WORK TO BE COMPLETED :: Exactly the lines from the one with "تجارت ایران و ارمنستان" through the end of the material are to be output, both included, with no other text.

DATA SHOWN ::

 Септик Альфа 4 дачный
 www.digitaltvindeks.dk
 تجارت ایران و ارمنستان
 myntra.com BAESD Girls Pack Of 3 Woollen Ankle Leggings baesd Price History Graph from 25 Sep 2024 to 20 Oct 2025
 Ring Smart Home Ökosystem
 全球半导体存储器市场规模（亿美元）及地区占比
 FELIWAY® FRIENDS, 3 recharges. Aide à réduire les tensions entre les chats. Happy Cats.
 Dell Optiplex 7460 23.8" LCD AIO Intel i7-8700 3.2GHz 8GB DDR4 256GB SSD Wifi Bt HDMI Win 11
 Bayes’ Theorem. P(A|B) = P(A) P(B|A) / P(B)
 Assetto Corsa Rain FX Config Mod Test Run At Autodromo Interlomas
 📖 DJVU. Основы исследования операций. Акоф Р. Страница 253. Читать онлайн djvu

FINAL ANSWER ::
 تجارت ایران و ارمنستان
 myntra.com BAESD Girls Pack Of 3 Woollen Ankle Leggings baesd Price History Graph from 25 Sep 2024 to 20 Oct 2025
 Ring Smart Home Ökosystem
 全球半导体存储器市场规模（亿美元）及地区占比
 FELIWAY® FRIENDS, 3 recharges. Aide à réduire les tensions entre les chats. Happy Cats.
 Dell Optiplex 7460 23.8" LCD AIO Intel i7-8700 3.2GHz 8GB DDR4 256GB SSD Wifi Bt HDMI Win 11
 Bayes’ Theorem. P(A|B) = P(A) P(B|A) / P(B)
 Assetto Corsa Rain FX Config Mod Test Run At Autodromo Interlomas
 📖 DJVU. Основы исследования операций. Акоф Р. Страница 253. Читать онлайн djvu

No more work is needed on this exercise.